▶ _DATA FOR THIS EXERCISE_:

——————————

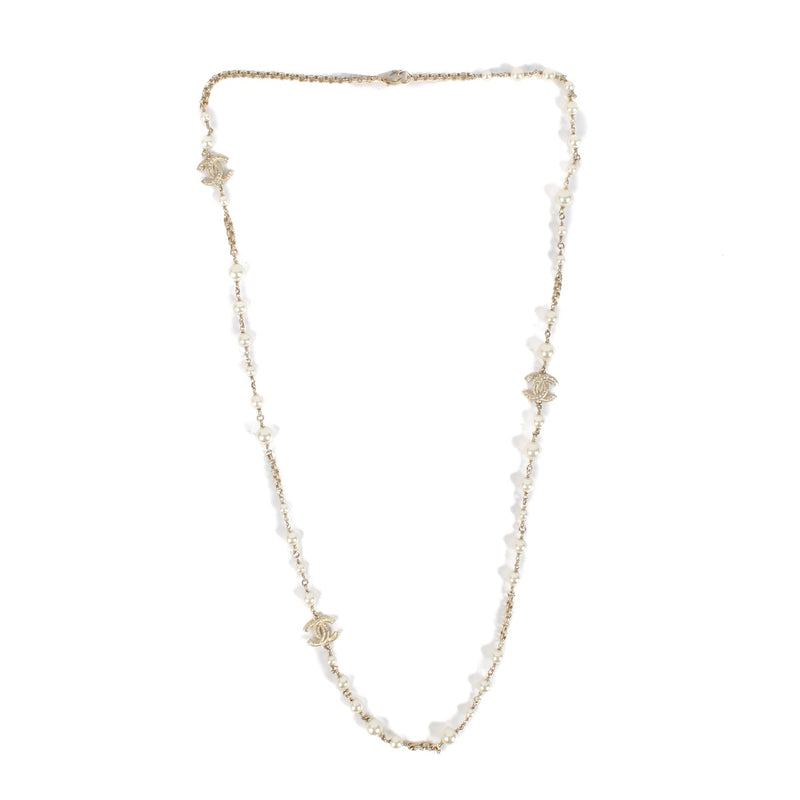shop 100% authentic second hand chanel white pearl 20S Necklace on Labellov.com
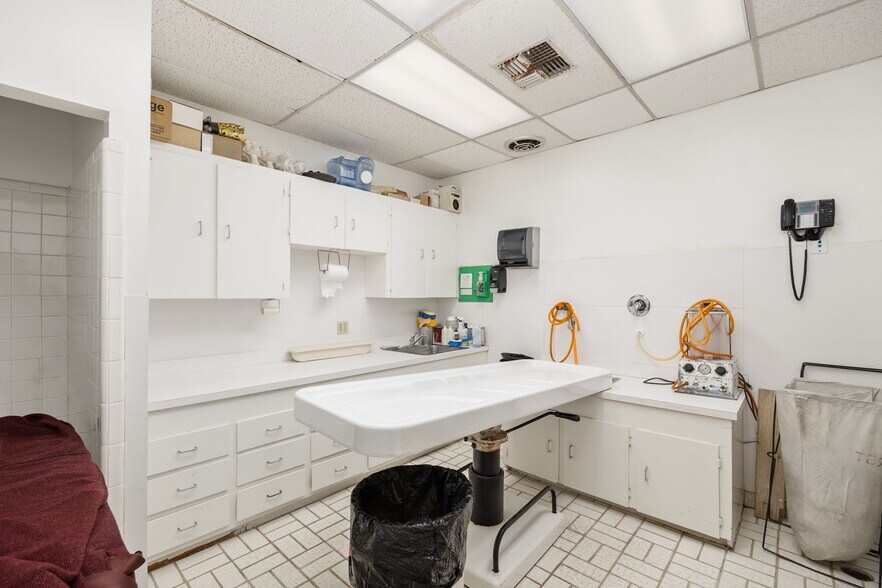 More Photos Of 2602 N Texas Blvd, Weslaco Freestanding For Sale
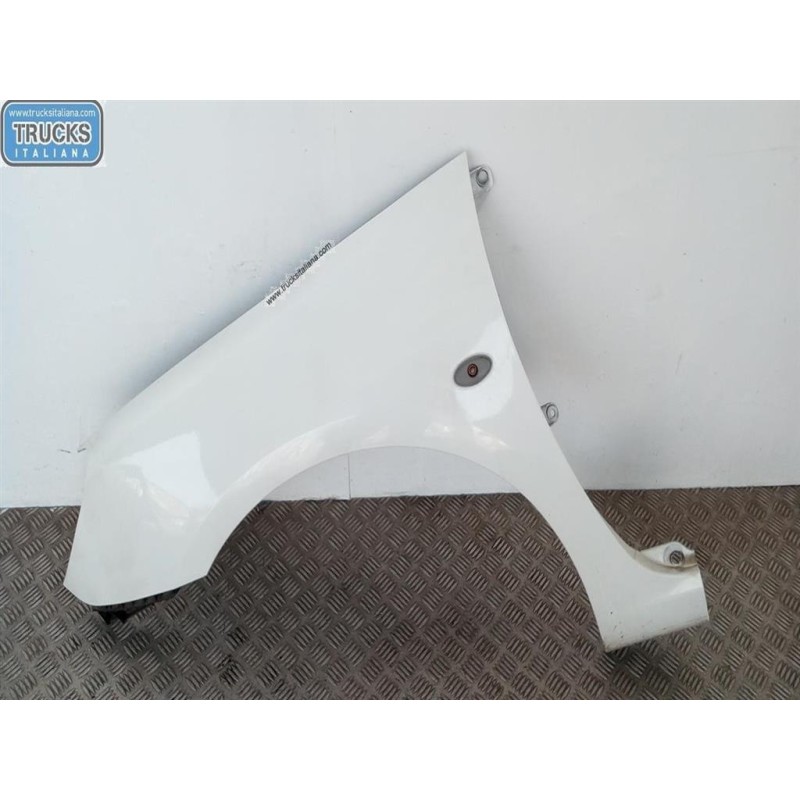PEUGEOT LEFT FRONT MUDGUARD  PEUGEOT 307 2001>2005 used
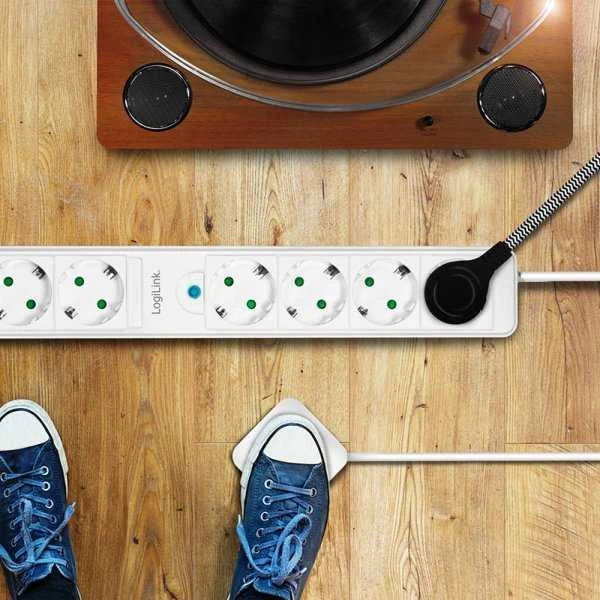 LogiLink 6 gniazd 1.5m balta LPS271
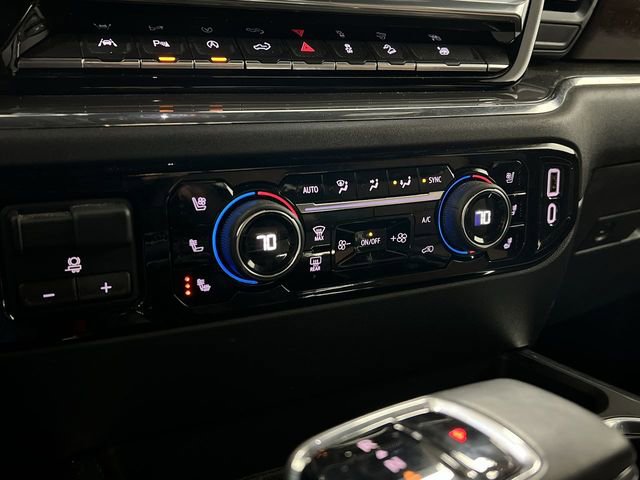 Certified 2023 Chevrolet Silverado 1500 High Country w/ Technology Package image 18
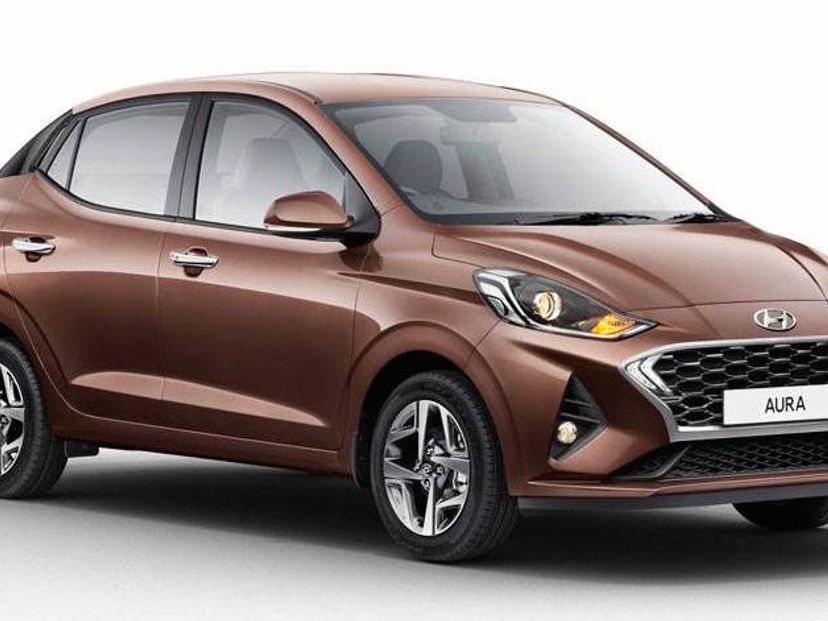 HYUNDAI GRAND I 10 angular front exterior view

——————————

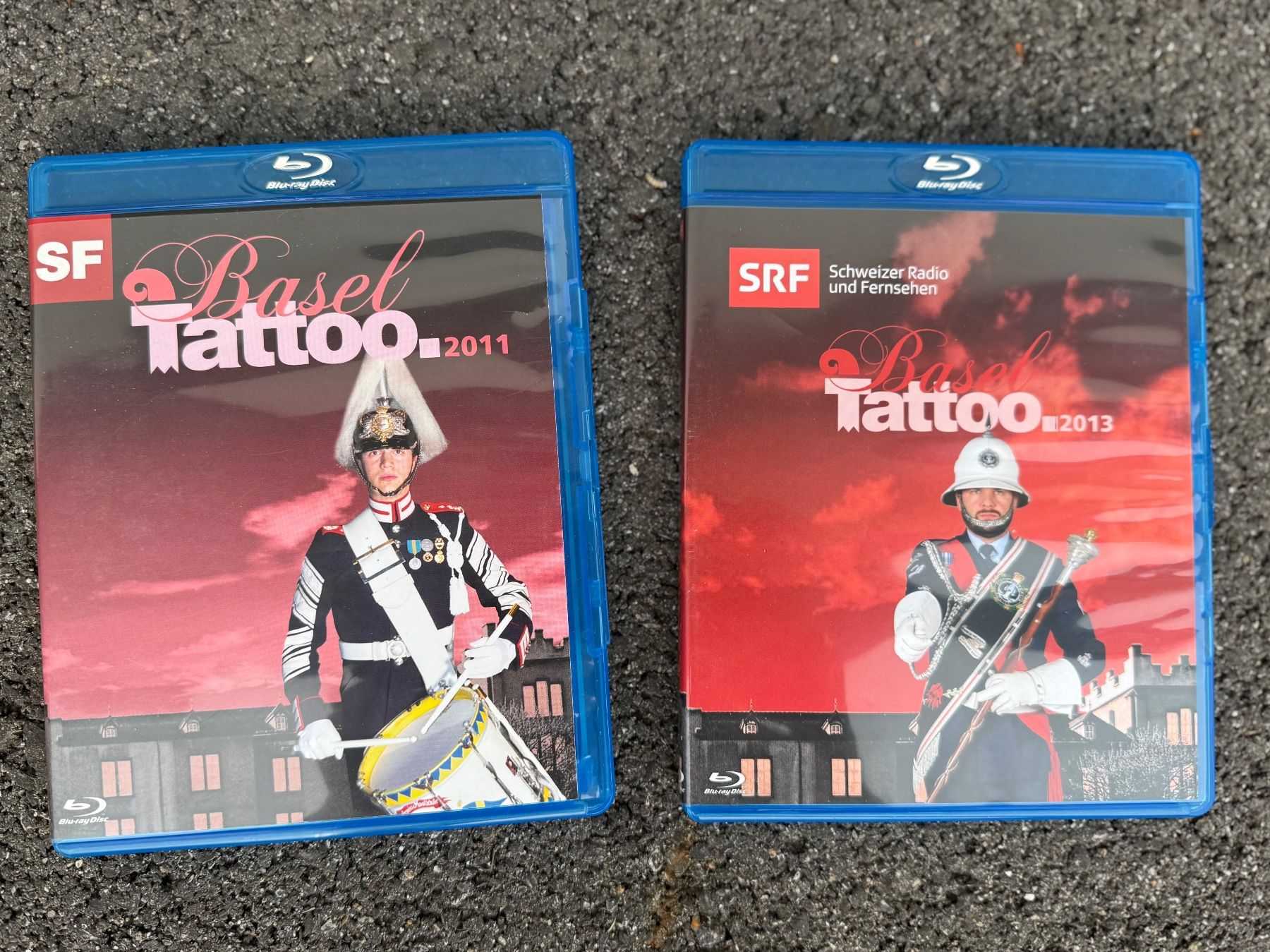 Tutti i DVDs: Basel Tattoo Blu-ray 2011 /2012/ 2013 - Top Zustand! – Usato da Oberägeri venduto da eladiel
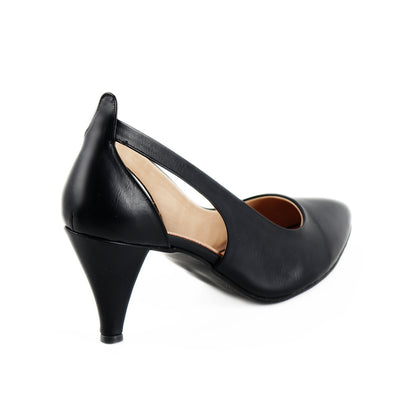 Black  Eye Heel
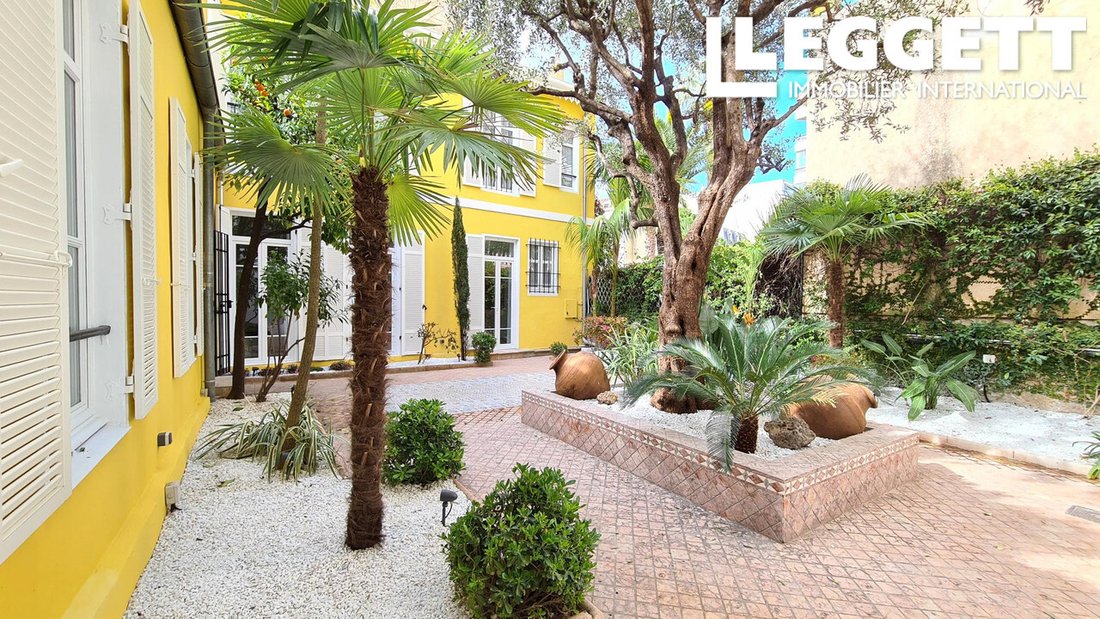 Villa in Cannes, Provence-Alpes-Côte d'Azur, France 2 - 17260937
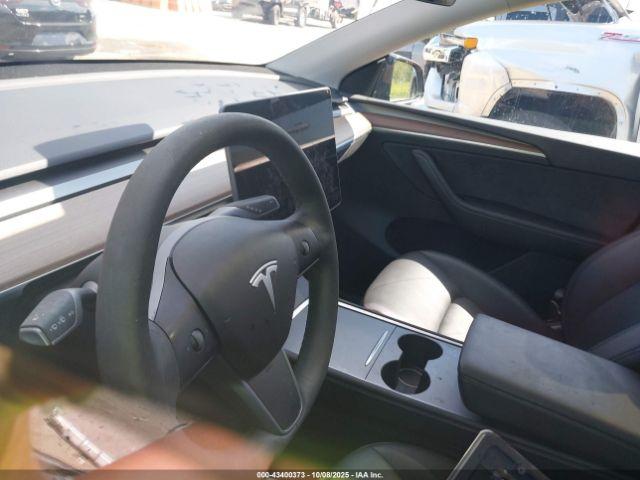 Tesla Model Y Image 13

——————————

▶ _EXERCISE_: Please return the material above only from the line that holds "shop 100% authentic" through the line that holds "HYUNDAI GRAND I", exactly as it stands, ends included and pictures omitted.

▶ _RESULT OF THE EXERCISE_:
shop 100% authentic second hand chanel white pearl 20S Necklace on Labellov.com
 More Photos Of 2602 N Texas Blvd, Weslaco Freestanding For Sale
PEUGEOT LEFT FRONT MUDGUARD  PEUGEOT 307 2001>2005 used
 LogiLink 6 gniazd 1.5m balta LPS271
 Certified 2023 Chevrolet Silverado 1500 High Country w/ Technology Package image 18
 HYUNDAI GRAND I 10 angular front exterior view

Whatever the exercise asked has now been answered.